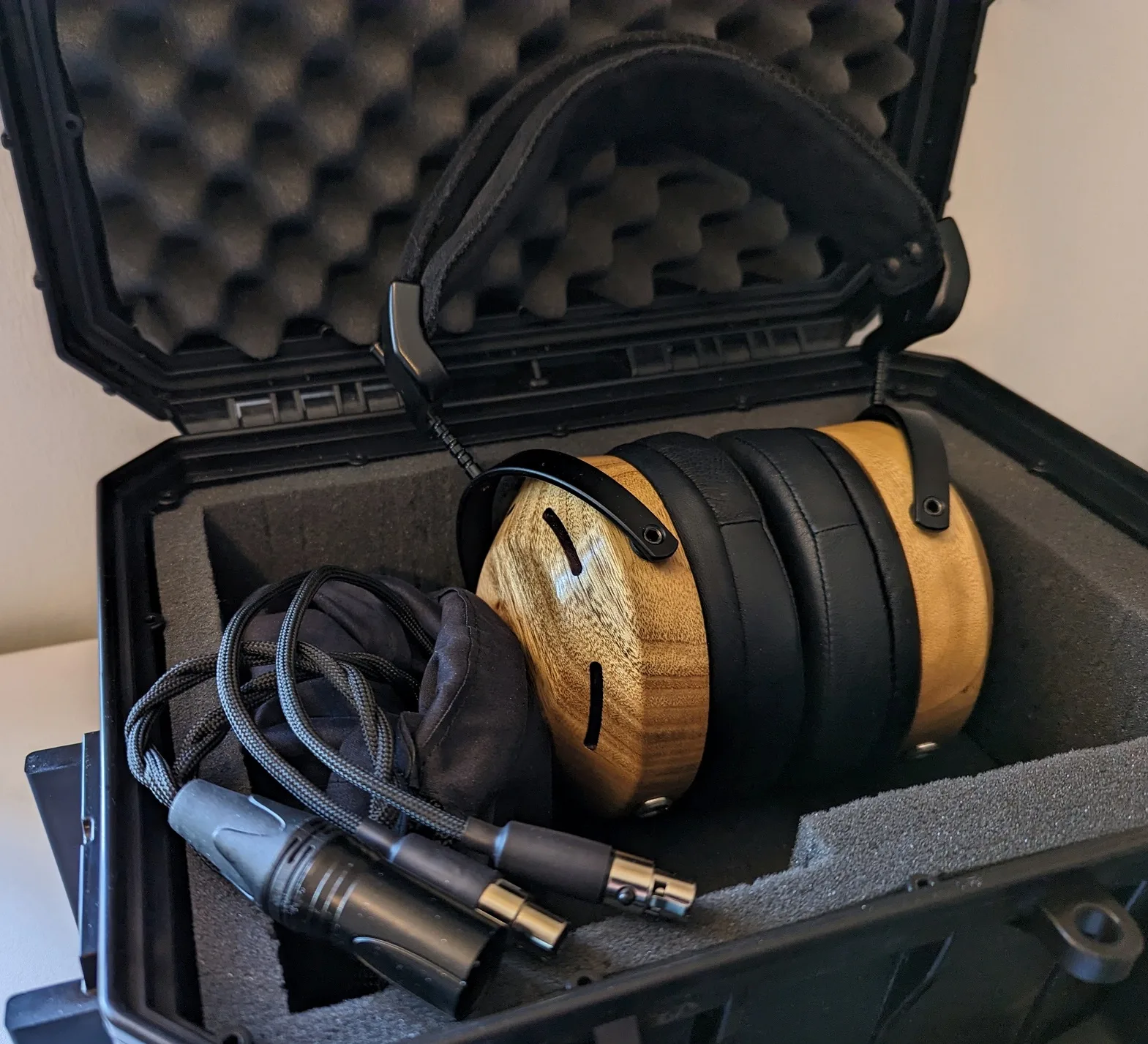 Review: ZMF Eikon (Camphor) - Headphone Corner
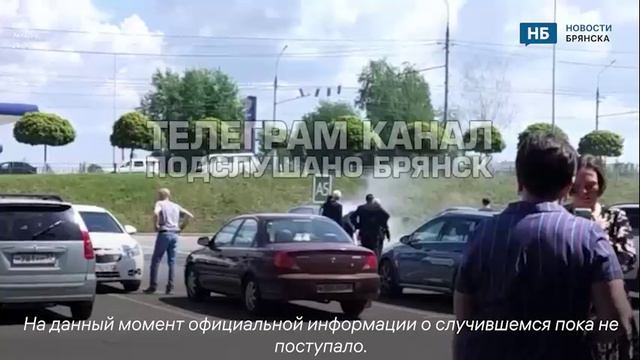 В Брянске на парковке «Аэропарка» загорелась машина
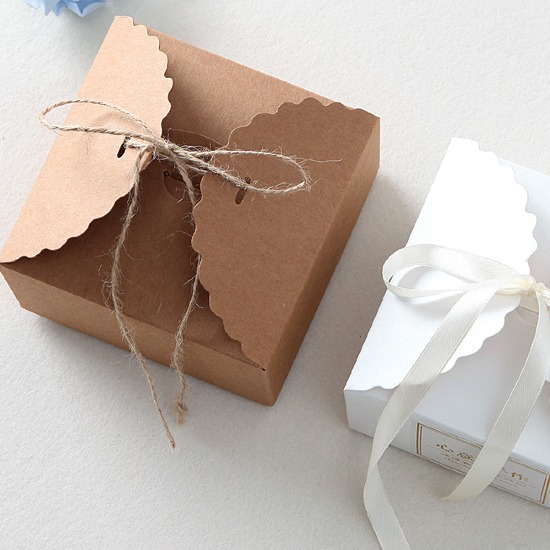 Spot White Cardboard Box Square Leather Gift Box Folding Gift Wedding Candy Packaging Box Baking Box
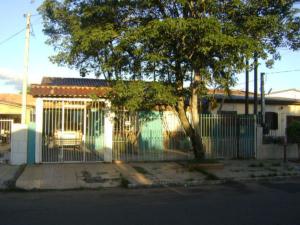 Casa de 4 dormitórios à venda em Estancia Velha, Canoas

● What to work on: Copy exactly, and copy only, the lines from the one bearing "Spot White Cardboard" through the closing line of the material, with both ends kept and pictures removed.

● Problem solution:
 Spot White Cardboard Box Square Leather Gift Box Folding Gift Wedding Candy Packaging Box Baking Box
 Casa de 4 dormitórios à venda em Estancia Velha, Canoas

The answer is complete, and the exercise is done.